I looked up the definition of 'ideal' just to make sure I wasn't wrong and here's what I found:
A) "satisfying one's conception of what is perfect; most suitable."
B) "a person or thing regarded as perfect."
At the very least describing R as 'ideal' for phylogenetics shouldn't pass peer review without more supporting evidence / discussion. It's also fairly trivial to state that use of R may "allow a complete record of the steps taken in gathering, processing, and analyzing a given data set to be produced". That's true of any open source, well documented workflow, it's not special to R.
In my experience R is good for handling small, relatively 'downstream' phylogenetic data. For instance, objectively-speaking, R is not and likely will never be the key language/programme for computing phylogenies from raw data. It simply isn't 'speedy' enough. At best it can provide a wrapper around the specialised programs that do the actual hard work. Not one of PAUP, TNT, RAXML, MrBayes, RevBayes, BEAST, POY, MEGA, or anything else most people use to infer phylogeny are written in R.

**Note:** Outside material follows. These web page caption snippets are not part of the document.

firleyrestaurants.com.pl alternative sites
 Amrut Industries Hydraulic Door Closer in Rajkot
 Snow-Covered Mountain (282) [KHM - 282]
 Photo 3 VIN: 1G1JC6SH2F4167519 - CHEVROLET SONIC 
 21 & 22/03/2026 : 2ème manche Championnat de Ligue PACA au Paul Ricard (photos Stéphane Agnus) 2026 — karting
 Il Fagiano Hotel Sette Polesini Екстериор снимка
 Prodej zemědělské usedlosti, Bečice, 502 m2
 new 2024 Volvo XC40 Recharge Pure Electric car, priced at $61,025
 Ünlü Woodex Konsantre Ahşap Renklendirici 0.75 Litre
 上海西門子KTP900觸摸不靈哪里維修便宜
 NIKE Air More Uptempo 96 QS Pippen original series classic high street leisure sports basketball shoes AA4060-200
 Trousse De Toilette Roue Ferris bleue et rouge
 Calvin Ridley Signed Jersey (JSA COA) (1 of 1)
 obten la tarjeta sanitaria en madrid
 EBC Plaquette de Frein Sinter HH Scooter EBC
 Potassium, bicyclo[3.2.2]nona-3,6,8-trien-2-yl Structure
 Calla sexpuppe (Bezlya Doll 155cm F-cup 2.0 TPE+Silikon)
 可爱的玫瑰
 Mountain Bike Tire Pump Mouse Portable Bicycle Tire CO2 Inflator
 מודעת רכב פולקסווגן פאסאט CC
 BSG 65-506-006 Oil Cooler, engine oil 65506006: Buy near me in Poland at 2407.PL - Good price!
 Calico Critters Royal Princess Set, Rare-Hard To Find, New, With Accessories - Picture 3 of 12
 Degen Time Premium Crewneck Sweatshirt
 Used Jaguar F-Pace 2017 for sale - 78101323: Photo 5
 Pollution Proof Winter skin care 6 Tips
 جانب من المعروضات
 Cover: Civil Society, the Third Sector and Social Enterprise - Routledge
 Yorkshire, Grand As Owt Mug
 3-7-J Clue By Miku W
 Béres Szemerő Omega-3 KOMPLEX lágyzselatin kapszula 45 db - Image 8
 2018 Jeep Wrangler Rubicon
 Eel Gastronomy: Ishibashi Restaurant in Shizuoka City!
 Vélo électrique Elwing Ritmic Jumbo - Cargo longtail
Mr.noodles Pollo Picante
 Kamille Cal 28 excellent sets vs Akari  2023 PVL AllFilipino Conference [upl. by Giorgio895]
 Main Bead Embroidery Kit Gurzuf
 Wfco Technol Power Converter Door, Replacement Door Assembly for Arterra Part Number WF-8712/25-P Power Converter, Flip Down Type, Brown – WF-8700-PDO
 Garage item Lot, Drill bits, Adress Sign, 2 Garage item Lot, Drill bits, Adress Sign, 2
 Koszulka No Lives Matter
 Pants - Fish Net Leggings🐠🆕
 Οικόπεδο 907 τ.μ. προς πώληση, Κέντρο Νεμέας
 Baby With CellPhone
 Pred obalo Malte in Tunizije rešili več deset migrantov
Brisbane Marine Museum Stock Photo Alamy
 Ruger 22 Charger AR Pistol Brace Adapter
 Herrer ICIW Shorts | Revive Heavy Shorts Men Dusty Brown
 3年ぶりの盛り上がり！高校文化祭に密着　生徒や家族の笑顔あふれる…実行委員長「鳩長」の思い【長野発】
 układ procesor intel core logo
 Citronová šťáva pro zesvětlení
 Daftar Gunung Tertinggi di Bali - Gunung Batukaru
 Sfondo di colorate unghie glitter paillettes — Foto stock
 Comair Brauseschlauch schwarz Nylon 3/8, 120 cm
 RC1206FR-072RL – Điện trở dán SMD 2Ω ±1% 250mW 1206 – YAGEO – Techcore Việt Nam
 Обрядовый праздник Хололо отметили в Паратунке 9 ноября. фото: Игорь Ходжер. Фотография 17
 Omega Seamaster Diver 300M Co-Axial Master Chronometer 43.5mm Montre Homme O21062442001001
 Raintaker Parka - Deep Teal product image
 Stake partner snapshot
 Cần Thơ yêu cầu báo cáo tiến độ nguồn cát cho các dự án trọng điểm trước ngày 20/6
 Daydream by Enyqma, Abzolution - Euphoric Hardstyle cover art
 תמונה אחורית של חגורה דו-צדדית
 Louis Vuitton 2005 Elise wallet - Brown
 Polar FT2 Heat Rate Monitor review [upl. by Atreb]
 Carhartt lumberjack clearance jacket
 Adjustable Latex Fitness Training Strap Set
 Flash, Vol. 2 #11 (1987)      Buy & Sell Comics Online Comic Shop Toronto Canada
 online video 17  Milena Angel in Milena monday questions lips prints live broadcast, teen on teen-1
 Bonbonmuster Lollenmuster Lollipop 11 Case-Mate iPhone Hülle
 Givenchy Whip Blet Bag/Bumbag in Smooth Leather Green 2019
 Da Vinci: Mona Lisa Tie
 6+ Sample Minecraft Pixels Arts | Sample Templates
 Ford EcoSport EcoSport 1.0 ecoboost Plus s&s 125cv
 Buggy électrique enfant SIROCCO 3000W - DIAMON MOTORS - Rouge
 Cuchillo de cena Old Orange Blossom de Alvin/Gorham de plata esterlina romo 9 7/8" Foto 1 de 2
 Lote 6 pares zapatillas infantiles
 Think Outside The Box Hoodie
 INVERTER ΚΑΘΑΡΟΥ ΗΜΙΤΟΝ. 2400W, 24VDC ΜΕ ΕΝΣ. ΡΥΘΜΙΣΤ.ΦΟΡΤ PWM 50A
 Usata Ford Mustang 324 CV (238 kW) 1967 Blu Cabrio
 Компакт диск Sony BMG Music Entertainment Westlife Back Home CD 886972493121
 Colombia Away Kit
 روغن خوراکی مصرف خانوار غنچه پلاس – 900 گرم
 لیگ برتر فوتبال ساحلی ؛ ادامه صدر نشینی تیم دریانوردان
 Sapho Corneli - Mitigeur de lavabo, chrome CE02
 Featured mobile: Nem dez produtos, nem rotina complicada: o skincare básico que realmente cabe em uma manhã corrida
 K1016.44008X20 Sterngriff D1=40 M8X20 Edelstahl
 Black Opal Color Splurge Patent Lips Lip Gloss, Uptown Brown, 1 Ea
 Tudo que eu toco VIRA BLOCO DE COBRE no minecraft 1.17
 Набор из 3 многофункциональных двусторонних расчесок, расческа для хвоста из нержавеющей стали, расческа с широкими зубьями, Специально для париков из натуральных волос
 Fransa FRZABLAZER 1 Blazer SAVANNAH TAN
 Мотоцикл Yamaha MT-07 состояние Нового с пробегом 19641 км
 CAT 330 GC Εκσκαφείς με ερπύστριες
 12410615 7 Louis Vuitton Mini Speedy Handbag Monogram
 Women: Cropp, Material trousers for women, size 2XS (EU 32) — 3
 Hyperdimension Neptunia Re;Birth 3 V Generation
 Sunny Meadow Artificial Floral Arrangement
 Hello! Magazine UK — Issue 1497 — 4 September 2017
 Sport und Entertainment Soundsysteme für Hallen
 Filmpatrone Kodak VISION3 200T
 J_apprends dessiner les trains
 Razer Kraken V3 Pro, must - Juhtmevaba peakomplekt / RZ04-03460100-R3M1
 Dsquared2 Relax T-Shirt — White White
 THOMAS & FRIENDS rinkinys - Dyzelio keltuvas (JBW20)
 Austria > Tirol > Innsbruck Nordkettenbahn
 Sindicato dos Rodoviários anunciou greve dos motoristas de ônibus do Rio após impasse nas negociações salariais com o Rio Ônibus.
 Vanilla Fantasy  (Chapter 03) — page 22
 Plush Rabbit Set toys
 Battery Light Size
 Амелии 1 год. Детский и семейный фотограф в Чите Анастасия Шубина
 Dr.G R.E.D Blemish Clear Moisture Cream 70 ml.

In terms of sheer computational performance, perhaps Julia (3) might in future be a more promising language than R for phylogenetics? Phylogenetics packages are currently being built for Julia (4) and performance-wise it wouldn't surprise me if they were clearly superior to R equivalents. Admittedly Julia hasn't got a mature set of phylogenetics packages at the moment but you used the word 'ideal' and my point is in terms of performance R is demonstrably far from 'ideal' relative to implementations other languages! As I understand it, Julia is better for parallel computing and thus will perform faster permutations & bootstraps - key types of calculations performed in phylogenetics.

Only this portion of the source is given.